About this task: For each line of the listing below that contains the string "okrągłym", copy the line.

Source information:
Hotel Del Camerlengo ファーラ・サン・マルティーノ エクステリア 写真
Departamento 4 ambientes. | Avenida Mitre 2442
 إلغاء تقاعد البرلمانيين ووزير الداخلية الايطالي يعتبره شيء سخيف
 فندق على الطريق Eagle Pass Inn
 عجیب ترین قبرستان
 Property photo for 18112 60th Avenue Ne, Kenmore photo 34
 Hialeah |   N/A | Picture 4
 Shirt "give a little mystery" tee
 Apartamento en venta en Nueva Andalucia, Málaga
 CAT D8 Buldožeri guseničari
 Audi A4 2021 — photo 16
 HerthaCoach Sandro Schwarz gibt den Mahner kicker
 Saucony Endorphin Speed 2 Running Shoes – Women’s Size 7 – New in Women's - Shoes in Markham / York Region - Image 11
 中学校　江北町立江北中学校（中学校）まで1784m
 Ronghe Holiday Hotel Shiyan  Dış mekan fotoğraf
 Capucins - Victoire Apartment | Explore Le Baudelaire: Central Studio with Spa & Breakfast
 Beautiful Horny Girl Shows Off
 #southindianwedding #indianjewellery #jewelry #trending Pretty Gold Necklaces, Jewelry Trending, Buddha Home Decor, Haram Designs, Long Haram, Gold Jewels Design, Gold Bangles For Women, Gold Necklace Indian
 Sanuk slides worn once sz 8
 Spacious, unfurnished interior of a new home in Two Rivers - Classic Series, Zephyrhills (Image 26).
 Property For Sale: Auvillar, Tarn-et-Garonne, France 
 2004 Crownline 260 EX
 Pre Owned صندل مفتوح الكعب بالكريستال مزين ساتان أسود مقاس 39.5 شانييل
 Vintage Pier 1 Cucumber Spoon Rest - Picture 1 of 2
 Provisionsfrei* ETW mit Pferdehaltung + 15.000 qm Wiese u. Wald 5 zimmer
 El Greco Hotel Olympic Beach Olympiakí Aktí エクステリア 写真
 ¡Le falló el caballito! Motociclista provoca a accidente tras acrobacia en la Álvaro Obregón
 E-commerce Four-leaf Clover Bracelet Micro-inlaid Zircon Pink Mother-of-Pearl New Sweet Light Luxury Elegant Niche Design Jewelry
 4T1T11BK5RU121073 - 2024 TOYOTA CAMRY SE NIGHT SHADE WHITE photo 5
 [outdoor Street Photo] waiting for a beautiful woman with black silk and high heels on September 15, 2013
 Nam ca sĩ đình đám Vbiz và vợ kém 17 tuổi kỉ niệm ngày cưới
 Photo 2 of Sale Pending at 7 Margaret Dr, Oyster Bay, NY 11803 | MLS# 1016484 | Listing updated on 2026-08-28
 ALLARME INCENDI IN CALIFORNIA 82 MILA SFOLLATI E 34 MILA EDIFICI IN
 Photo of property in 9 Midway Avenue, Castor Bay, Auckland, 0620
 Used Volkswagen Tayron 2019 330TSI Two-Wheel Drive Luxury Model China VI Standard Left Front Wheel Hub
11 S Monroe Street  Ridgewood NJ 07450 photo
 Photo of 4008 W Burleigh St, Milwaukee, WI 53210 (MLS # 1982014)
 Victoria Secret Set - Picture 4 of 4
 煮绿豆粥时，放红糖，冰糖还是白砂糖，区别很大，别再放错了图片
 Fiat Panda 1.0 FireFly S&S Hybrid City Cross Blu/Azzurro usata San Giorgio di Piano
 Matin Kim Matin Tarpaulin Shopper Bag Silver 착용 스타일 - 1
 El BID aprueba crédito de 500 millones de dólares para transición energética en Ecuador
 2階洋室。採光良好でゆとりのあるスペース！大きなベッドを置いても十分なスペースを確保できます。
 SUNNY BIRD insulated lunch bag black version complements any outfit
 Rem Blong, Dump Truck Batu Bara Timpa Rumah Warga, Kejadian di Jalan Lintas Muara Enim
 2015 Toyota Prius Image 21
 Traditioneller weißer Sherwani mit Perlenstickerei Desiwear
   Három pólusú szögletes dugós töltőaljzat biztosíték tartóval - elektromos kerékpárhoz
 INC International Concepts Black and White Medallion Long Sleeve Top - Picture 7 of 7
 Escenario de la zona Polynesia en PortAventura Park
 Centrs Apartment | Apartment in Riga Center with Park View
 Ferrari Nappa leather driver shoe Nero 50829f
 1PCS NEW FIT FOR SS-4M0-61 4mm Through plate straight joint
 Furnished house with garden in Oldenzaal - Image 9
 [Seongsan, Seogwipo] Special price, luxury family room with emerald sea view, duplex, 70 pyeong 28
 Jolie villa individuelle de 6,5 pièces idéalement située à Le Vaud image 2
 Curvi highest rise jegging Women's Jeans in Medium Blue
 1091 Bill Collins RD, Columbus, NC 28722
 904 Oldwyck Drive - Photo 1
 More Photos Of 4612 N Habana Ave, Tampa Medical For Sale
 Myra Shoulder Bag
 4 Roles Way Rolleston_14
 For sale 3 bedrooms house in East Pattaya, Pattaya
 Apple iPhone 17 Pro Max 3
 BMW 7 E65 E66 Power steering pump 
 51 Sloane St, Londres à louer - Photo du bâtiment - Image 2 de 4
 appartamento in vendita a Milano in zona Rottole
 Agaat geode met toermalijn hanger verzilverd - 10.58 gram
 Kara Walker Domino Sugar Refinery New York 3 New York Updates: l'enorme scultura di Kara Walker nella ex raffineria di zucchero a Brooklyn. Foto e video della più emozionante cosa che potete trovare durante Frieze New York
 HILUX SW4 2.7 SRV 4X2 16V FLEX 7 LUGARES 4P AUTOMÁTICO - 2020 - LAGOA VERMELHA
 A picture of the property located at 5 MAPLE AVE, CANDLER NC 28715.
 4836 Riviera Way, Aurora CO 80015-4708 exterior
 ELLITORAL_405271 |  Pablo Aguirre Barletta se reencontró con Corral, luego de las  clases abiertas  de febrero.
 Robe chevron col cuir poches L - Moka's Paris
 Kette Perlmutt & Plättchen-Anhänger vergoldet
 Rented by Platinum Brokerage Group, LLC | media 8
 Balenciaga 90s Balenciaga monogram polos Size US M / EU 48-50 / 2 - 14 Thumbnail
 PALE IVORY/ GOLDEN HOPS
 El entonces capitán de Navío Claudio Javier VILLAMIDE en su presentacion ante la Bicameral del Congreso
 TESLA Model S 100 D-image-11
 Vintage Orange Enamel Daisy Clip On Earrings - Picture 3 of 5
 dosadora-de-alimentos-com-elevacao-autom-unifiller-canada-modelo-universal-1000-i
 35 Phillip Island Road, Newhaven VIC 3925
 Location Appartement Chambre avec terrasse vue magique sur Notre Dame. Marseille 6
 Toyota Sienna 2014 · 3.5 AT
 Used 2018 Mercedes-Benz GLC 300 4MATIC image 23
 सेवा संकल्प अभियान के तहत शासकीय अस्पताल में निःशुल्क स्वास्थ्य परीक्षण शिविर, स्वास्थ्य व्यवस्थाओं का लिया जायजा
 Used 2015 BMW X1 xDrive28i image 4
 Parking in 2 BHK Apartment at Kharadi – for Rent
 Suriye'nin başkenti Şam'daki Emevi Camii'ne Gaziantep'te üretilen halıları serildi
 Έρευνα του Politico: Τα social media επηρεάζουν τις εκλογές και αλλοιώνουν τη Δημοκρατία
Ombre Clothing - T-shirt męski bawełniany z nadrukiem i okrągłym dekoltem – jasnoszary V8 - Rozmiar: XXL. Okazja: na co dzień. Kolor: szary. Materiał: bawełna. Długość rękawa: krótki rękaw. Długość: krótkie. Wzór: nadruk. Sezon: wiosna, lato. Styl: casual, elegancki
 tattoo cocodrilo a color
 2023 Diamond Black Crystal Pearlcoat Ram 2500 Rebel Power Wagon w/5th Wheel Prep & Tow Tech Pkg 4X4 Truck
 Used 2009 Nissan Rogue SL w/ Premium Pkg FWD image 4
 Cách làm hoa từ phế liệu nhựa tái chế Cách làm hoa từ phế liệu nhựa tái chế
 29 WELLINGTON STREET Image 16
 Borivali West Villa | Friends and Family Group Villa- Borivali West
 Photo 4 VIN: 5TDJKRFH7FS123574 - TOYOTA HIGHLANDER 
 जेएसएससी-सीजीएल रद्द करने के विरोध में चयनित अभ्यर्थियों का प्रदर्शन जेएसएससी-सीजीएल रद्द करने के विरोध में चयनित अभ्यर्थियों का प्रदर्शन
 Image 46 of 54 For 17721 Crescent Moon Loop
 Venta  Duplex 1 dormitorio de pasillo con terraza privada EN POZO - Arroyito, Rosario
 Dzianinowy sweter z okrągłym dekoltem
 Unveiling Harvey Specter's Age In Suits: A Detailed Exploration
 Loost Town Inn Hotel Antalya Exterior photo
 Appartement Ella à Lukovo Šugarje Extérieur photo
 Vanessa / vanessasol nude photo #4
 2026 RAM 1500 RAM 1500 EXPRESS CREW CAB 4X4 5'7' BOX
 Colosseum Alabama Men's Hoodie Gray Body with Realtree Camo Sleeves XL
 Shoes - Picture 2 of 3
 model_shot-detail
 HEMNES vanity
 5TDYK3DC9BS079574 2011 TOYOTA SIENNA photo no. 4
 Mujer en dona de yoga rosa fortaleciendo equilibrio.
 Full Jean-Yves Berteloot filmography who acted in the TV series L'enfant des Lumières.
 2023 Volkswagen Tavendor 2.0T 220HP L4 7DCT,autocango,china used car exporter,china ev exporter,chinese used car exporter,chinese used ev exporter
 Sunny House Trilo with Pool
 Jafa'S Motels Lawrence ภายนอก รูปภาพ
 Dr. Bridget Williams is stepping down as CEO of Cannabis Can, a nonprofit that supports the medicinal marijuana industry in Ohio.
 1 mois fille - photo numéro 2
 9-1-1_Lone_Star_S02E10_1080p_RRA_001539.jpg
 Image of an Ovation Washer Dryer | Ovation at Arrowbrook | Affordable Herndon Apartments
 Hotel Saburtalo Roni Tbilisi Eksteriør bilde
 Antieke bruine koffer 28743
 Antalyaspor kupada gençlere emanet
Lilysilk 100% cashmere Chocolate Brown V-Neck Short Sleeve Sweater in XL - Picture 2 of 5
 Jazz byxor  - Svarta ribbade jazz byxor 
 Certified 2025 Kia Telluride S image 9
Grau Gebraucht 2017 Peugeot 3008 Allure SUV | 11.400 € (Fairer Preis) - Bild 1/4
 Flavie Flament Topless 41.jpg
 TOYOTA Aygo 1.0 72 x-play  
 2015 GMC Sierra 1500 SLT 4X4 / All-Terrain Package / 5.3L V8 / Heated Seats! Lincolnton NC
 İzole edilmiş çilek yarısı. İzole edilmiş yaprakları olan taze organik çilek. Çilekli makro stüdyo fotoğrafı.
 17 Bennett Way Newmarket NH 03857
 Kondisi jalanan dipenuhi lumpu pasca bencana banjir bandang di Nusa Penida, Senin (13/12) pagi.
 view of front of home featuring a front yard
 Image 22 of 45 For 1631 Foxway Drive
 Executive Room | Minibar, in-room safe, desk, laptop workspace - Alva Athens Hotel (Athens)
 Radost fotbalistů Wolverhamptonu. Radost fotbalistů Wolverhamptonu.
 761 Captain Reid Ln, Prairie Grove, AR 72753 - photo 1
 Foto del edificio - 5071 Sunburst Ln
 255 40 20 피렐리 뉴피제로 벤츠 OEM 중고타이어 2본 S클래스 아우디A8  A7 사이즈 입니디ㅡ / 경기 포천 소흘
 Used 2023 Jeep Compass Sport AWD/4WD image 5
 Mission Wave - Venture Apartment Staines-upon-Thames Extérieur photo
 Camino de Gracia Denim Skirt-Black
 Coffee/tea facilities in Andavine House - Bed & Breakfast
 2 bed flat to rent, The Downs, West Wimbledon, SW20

Answer section:
Ombre Clothing - T-shirt męski bawełniany z nadrukiem i okrągłym dekoltem – jasnoszary V8 - Rozmiar: XXL. Okazja: na co dzień. Kolor: szary. Materiał: bawełna. Długość rękawa: krótki rękaw. Długość: krótkie. Wzór: nadruk. Sezon: wiosna, lato. Styl: casual, elegancki
 Dzianinowy sweter z okrągłym dekoltem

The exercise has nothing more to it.